2 May 1997

New Frontiers in Punctuation Research

Geoff Nunberg

Xerox PARC and Stanford University

For a long time punctuation seemed a subject unworthy of serious linguistic attention, a victim of the general neglect of the structures of written language, which was regarded on grounds of general principle as merely a degenerate representation of the spoken language. Serious linguistic studies of punctuation began to appear a few years ago, as part of a reconsideration of standard linguistic dogma about written language that was motivated to some degree by the increased importance of written texts in work on parsing, generation, and other NLP problems. These studies -- for example Nunberg (1990), Dale (1991), Jones (1993), Briscoe (1994, 1995), Lee (1995), White (1995), Say (1996), and Akman and Say (1997) -- have revealed a rich and by no means obvious grammatical subsystem, which shows interesting formal differences from the rules of the spoken language.

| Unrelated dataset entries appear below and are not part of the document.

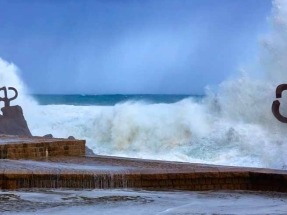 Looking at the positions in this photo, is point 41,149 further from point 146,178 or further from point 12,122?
point 12,122

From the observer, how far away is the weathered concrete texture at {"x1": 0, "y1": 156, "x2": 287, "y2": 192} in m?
7.30

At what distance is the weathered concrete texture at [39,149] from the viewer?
30.6 feet

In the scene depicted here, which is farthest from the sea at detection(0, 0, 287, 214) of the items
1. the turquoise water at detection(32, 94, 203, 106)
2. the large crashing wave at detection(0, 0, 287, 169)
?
the turquoise water at detection(32, 94, 203, 106)

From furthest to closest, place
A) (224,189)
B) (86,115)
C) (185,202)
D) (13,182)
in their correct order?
1. (86,115)
2. (224,189)
3. (13,182)
4. (185,202)

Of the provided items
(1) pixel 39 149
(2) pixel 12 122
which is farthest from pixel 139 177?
(2) pixel 12 122

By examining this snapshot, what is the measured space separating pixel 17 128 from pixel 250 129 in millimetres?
8037

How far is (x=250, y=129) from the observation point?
80.6 feet

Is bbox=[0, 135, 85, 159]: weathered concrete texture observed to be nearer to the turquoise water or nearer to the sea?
the sea

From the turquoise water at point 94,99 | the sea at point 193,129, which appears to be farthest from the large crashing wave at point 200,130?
the turquoise water at point 94,99

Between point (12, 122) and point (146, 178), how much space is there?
574 inches

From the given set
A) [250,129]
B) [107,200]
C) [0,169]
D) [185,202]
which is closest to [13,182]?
[0,169]

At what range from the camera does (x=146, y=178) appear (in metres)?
7.59

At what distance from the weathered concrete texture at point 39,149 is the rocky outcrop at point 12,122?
10926 millimetres

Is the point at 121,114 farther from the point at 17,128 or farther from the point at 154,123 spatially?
the point at 17,128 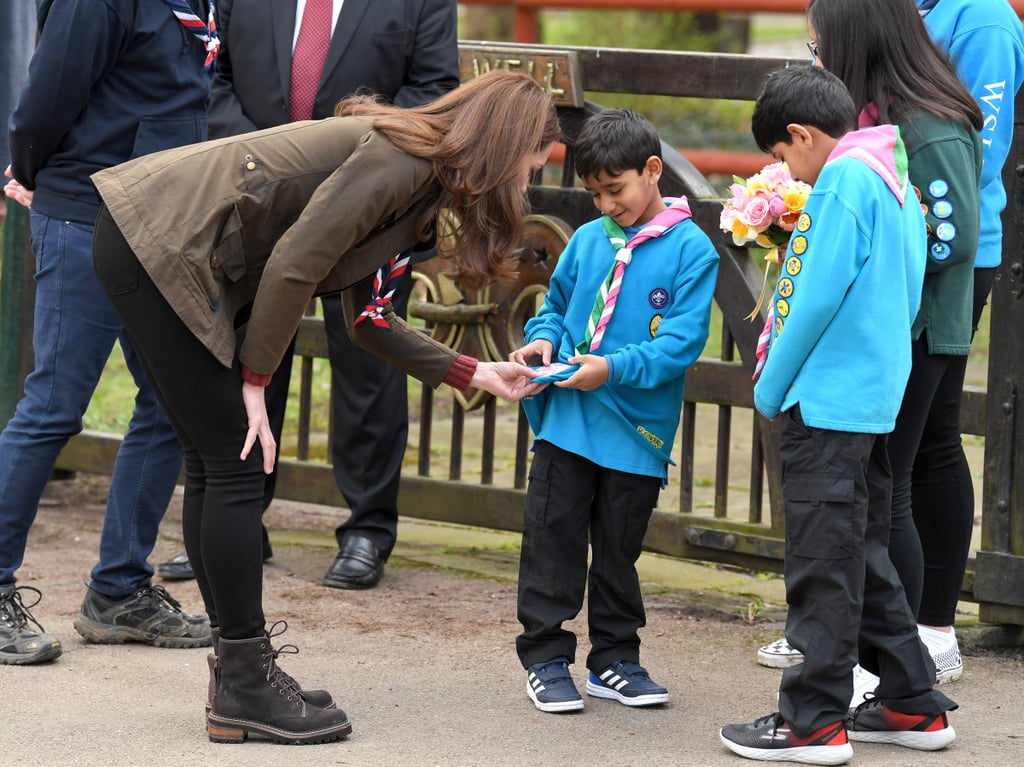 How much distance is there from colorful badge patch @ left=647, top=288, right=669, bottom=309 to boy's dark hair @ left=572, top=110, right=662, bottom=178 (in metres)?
0.28

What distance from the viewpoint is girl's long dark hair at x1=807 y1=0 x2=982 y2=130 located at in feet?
9.81

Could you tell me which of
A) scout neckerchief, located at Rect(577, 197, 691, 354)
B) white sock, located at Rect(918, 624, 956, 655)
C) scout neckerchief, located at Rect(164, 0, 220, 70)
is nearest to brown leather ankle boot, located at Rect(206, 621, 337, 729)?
scout neckerchief, located at Rect(577, 197, 691, 354)

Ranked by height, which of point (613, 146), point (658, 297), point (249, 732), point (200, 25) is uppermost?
point (200, 25)

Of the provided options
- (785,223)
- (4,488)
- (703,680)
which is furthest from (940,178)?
(4,488)

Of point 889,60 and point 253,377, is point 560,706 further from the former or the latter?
point 889,60

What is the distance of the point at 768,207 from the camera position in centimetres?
300

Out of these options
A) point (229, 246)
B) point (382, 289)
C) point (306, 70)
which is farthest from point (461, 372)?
point (306, 70)

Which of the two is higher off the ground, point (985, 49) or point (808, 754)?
point (985, 49)

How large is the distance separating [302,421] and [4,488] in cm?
153

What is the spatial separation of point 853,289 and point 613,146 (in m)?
0.69

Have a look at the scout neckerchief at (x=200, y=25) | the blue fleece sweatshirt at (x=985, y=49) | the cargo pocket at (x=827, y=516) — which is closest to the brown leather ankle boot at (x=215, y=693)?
the cargo pocket at (x=827, y=516)

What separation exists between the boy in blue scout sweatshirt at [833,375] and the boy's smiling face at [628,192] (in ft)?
1.26

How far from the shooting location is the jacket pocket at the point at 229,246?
2893mm

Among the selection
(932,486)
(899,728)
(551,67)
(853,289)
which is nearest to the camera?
(853,289) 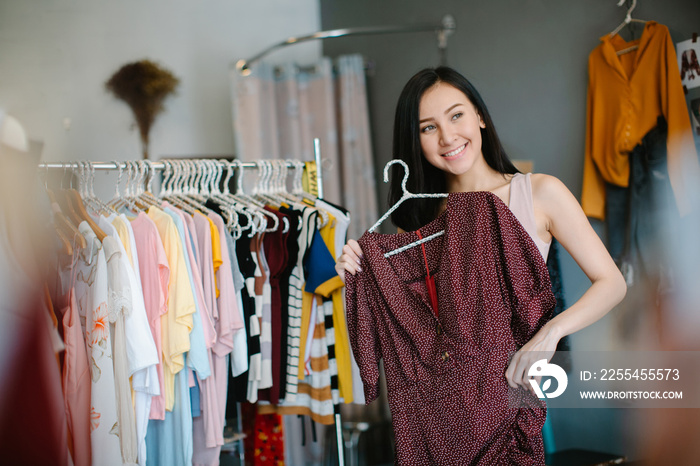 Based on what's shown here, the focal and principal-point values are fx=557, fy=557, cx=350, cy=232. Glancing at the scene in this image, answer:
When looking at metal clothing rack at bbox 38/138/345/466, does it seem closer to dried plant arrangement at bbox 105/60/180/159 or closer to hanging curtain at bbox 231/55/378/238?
hanging curtain at bbox 231/55/378/238

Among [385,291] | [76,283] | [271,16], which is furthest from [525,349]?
[271,16]

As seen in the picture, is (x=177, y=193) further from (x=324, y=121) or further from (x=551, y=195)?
(x=324, y=121)

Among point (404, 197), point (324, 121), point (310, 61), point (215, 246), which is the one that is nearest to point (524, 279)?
point (404, 197)

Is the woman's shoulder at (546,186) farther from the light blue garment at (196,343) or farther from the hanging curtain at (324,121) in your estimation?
the hanging curtain at (324,121)

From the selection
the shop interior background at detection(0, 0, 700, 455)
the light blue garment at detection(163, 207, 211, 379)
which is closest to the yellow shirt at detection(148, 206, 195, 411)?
the light blue garment at detection(163, 207, 211, 379)

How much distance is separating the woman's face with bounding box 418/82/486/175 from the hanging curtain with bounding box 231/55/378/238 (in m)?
1.60

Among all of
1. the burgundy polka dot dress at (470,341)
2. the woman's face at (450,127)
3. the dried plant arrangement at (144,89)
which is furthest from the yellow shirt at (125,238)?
the dried plant arrangement at (144,89)

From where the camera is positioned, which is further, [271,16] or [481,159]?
[271,16]

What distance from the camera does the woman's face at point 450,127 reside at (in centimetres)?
133

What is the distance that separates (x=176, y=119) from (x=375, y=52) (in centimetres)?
116

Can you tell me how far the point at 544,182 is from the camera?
1.24 metres

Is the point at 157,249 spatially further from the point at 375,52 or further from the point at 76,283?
the point at 375,52

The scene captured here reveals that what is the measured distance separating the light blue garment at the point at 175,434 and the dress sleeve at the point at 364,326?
1.80 feet

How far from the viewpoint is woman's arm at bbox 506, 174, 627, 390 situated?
3.66 ft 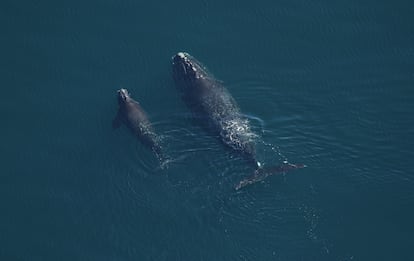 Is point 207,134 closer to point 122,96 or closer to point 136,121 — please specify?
point 136,121

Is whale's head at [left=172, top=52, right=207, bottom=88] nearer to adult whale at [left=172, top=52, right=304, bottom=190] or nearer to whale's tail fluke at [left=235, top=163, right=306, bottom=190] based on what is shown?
adult whale at [left=172, top=52, right=304, bottom=190]

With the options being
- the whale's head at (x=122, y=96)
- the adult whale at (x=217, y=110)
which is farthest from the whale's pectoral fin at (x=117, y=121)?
the adult whale at (x=217, y=110)

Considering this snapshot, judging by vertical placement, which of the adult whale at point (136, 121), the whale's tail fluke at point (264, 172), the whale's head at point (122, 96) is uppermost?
the whale's head at point (122, 96)

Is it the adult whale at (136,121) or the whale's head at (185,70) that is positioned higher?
the whale's head at (185,70)

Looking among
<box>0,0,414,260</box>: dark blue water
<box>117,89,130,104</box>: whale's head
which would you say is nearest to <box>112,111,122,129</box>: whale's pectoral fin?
<box>0,0,414,260</box>: dark blue water

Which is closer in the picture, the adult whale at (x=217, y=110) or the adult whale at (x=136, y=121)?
the adult whale at (x=217, y=110)

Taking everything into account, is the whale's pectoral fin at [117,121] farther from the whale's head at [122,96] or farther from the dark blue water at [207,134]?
the whale's head at [122,96]

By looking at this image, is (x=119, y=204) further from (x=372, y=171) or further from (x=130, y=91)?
(x=372, y=171)

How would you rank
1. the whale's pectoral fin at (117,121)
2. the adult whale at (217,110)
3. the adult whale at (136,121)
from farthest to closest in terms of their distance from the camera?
the whale's pectoral fin at (117,121) < the adult whale at (136,121) < the adult whale at (217,110)
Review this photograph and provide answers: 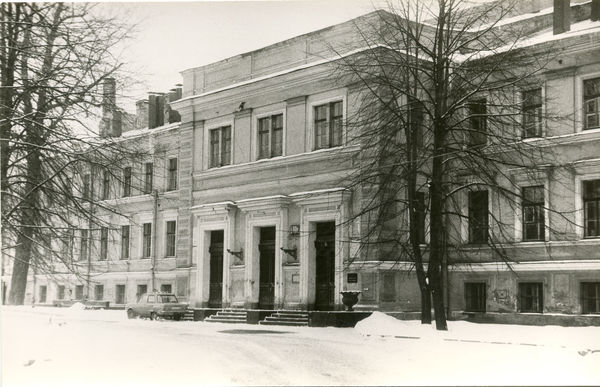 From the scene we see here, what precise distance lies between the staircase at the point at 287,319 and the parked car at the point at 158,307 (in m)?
4.22

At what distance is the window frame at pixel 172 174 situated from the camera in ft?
118

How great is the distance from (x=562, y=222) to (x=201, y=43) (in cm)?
1158

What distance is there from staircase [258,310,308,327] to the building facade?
17.9 inches

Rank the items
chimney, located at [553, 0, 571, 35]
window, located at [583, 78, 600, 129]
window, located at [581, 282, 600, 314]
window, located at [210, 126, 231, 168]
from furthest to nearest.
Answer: window, located at [210, 126, 231, 168] → chimney, located at [553, 0, 571, 35] → window, located at [583, 78, 600, 129] → window, located at [581, 282, 600, 314]

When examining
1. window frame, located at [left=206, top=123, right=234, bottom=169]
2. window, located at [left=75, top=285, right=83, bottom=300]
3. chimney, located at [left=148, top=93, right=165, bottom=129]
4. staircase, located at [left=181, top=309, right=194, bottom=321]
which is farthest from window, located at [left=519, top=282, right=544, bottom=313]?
window, located at [left=75, top=285, right=83, bottom=300]

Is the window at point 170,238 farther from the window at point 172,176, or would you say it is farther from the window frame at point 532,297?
the window frame at point 532,297

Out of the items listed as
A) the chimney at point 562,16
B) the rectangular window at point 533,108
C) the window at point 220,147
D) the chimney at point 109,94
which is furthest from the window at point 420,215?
the chimney at point 109,94

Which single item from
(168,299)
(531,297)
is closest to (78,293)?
(168,299)

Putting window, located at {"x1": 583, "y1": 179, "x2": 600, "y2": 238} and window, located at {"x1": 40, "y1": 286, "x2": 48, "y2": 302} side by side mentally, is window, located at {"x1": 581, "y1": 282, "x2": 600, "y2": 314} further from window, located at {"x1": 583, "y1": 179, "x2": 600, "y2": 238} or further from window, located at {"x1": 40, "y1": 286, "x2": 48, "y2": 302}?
window, located at {"x1": 40, "y1": 286, "x2": 48, "y2": 302}

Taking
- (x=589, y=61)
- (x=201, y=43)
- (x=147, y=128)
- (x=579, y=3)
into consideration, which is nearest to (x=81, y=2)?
(x=201, y=43)

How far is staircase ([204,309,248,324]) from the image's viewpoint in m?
28.4

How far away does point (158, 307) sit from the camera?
30125 millimetres

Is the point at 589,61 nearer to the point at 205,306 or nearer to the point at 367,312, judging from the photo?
the point at 367,312

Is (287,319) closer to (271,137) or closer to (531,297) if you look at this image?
(271,137) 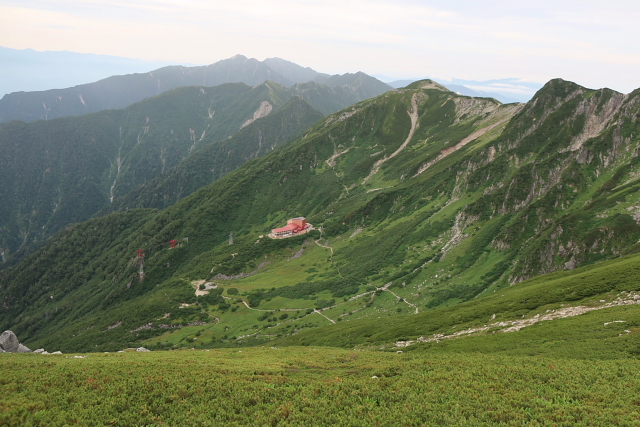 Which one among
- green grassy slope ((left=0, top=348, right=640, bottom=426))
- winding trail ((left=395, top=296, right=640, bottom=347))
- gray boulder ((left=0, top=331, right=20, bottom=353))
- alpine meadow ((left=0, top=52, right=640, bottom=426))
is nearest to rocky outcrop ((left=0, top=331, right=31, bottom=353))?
gray boulder ((left=0, top=331, right=20, bottom=353))

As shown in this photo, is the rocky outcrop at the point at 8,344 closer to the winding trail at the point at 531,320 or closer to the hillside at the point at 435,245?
the hillside at the point at 435,245

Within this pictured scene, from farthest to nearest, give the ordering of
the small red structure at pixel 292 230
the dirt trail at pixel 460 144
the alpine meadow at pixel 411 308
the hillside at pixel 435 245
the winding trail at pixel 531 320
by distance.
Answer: the dirt trail at pixel 460 144 < the small red structure at pixel 292 230 < the hillside at pixel 435 245 < the winding trail at pixel 531 320 < the alpine meadow at pixel 411 308

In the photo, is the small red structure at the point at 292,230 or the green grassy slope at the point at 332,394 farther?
the small red structure at the point at 292,230

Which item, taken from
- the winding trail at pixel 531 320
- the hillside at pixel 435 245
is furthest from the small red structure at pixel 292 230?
the winding trail at pixel 531 320

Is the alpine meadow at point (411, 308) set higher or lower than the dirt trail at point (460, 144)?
lower

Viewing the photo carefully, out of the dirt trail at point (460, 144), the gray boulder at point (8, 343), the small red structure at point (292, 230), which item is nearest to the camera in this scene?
the gray boulder at point (8, 343)

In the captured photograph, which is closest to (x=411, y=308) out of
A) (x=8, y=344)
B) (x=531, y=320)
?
(x=531, y=320)

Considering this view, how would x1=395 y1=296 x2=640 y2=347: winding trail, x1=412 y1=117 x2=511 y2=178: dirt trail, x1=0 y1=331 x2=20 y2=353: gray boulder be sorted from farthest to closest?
x1=412 y1=117 x2=511 y2=178: dirt trail → x1=0 y1=331 x2=20 y2=353: gray boulder → x1=395 y1=296 x2=640 y2=347: winding trail

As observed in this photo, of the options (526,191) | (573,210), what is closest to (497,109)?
(526,191)

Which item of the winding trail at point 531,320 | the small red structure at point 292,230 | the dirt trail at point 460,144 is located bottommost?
the small red structure at point 292,230

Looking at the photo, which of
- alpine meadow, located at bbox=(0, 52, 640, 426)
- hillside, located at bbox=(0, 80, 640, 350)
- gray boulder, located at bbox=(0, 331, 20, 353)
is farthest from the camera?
hillside, located at bbox=(0, 80, 640, 350)

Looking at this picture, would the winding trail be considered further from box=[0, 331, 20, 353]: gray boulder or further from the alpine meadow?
box=[0, 331, 20, 353]: gray boulder

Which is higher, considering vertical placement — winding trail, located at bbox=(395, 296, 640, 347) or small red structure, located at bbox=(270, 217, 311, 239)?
winding trail, located at bbox=(395, 296, 640, 347)

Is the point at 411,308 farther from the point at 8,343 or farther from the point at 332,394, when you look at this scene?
the point at 8,343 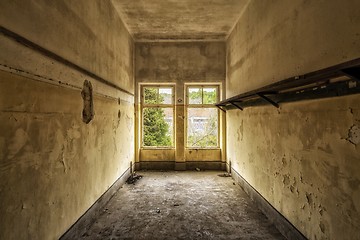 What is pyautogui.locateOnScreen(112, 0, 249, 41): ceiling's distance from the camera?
15.3 feet

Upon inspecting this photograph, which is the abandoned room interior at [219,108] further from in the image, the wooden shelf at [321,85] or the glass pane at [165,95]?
the glass pane at [165,95]

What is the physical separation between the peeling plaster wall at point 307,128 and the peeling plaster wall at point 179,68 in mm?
2500

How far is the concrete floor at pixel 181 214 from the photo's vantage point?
3.04 m

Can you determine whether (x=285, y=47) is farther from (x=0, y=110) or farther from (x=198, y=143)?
(x=198, y=143)

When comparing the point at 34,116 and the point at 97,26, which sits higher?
the point at 97,26

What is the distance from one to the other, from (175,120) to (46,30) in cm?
484

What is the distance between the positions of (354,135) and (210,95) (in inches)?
206

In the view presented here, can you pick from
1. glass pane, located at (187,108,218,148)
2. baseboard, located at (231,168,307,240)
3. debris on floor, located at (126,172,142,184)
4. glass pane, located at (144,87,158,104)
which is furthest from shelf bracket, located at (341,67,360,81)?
glass pane, located at (144,87,158,104)

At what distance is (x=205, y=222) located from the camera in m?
3.37

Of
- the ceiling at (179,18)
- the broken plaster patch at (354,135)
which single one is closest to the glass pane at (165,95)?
the ceiling at (179,18)

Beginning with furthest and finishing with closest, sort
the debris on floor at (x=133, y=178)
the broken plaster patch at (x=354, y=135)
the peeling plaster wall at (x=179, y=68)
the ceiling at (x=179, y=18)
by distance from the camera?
the peeling plaster wall at (x=179, y=68), the debris on floor at (x=133, y=178), the ceiling at (x=179, y=18), the broken plaster patch at (x=354, y=135)

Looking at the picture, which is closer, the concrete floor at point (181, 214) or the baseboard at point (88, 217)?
the baseboard at point (88, 217)

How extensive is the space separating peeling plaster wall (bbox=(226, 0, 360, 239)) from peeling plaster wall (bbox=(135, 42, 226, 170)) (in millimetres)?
2500

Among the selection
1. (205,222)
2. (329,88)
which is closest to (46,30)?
(329,88) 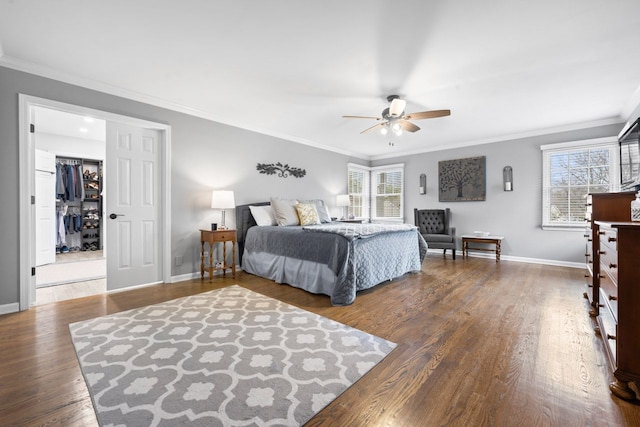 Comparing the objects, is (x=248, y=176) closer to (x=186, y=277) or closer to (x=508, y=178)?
(x=186, y=277)

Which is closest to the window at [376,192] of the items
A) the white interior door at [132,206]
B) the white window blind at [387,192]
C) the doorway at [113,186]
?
the white window blind at [387,192]

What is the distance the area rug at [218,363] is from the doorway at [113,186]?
106 centimetres

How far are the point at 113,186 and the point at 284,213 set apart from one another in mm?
2328

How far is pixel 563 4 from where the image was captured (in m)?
1.90

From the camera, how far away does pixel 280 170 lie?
5223mm

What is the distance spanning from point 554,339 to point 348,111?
11.4 ft

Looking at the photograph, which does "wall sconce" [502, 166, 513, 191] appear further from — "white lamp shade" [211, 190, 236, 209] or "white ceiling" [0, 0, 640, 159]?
"white lamp shade" [211, 190, 236, 209]

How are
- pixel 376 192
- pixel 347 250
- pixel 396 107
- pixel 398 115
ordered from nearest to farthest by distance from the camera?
pixel 347 250, pixel 396 107, pixel 398 115, pixel 376 192

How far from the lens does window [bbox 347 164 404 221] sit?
6945 mm

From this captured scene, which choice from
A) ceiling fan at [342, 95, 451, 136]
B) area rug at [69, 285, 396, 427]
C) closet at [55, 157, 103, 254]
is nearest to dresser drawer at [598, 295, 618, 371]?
area rug at [69, 285, 396, 427]

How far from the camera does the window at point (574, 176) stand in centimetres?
441

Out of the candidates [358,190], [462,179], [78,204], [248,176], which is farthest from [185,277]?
[462,179]

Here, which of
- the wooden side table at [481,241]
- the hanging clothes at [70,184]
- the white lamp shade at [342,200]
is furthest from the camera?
the white lamp shade at [342,200]

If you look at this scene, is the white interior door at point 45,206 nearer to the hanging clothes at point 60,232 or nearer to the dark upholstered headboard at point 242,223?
the hanging clothes at point 60,232
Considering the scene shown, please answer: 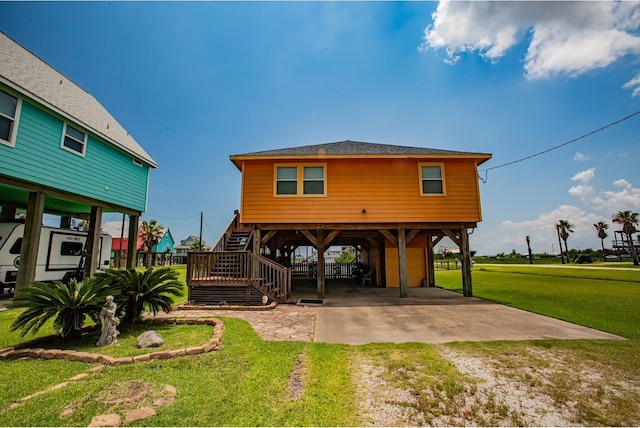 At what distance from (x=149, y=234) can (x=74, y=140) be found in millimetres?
29189

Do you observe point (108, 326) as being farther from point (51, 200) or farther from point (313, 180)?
point (51, 200)

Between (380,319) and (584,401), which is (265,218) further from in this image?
(584,401)

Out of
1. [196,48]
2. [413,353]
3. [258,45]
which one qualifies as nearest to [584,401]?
[413,353]

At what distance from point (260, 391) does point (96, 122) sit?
13.3m

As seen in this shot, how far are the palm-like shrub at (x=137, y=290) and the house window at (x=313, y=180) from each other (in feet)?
19.5

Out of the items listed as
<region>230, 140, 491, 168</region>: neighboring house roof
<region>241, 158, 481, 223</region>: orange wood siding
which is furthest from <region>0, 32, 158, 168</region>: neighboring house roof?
<region>241, 158, 481, 223</region>: orange wood siding

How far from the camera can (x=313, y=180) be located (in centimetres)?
1061

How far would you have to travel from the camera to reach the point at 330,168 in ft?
34.9

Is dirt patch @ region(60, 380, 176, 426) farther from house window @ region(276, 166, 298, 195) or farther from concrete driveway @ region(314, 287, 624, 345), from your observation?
house window @ region(276, 166, 298, 195)

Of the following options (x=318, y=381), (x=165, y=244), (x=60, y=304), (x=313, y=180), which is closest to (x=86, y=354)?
(x=60, y=304)

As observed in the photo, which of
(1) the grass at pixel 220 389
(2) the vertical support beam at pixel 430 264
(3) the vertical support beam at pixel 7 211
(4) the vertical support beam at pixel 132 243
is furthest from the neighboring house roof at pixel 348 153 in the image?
(3) the vertical support beam at pixel 7 211

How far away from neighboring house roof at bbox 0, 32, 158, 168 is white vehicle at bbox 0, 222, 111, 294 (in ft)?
14.7

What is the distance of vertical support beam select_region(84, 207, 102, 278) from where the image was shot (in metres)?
10.8

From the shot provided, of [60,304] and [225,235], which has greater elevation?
[225,235] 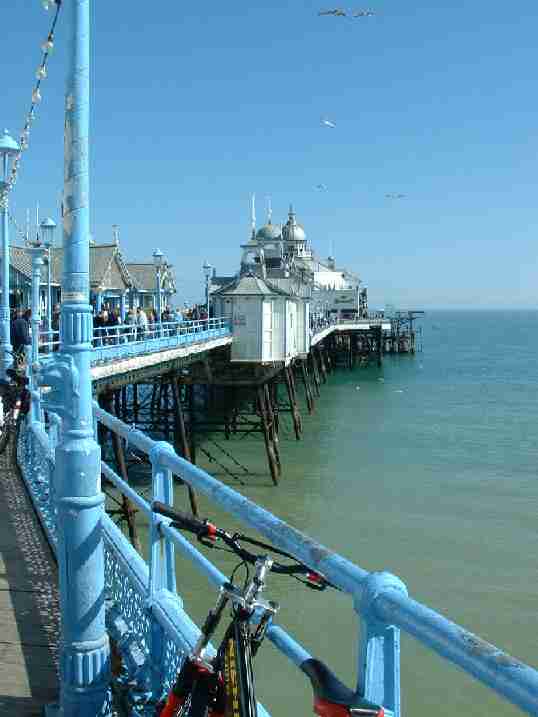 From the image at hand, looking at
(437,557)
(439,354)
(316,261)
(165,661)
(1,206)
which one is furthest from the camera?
(439,354)

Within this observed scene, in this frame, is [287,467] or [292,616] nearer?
[292,616]

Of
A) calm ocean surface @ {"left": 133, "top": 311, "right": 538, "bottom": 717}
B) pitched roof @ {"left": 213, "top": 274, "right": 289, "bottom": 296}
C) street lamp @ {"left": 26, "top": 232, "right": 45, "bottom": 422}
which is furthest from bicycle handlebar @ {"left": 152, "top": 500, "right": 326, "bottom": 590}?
pitched roof @ {"left": 213, "top": 274, "right": 289, "bottom": 296}

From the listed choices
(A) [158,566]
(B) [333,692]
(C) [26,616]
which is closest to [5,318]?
(C) [26,616]

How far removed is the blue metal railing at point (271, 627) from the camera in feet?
5.16

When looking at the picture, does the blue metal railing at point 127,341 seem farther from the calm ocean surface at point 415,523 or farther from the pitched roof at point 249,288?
the calm ocean surface at point 415,523

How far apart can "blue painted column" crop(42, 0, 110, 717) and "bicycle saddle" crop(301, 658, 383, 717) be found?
186cm

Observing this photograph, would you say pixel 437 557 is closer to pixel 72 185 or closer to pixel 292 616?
pixel 292 616

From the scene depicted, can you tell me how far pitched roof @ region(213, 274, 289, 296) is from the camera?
2522 centimetres

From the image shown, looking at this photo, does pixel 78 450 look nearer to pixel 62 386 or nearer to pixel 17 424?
pixel 62 386

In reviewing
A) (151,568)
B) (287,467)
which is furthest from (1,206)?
(287,467)

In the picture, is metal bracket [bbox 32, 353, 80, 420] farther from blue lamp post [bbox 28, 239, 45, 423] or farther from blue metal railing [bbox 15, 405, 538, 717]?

There are roughly three possible approaches to punctuation. The first is the approach of traditional grammar, which associates each mark with a number of distinct syntactic and semantic functions, whose relationship is generally not specified. The second is the approach developed in Nunberg (1990) and most subsequent studies, where punctuation marks are treated as the surface indicators of various syntactic categories. From this point of view it is the underlying categories, rather than marks themselves, that bear most of the theoretical interest. One difficulty with this way of thinking about things, though, is that it fails to capture certain generalizations about specific mark types. For example the semicolon can appear both as a separator of items in series (i.e., the "promotion" semicolon) and as a kind of sentential conjunction. But while these two functions are syntactically distinct, all semicolons have the property of insisting on widest scope within their clause, and this property is best thought of "punctocentrically," as a single constraint associated with a particular mark, rather than as a set of constraints affecting the various categories that it is used to separate. By way of demonstrating the advantages of this approach, I'll show how it allows us to explain a number of changes in the uses of the semicolon over the past hundred years or so by positing the disappearance of a single rule of the grammar of the written language.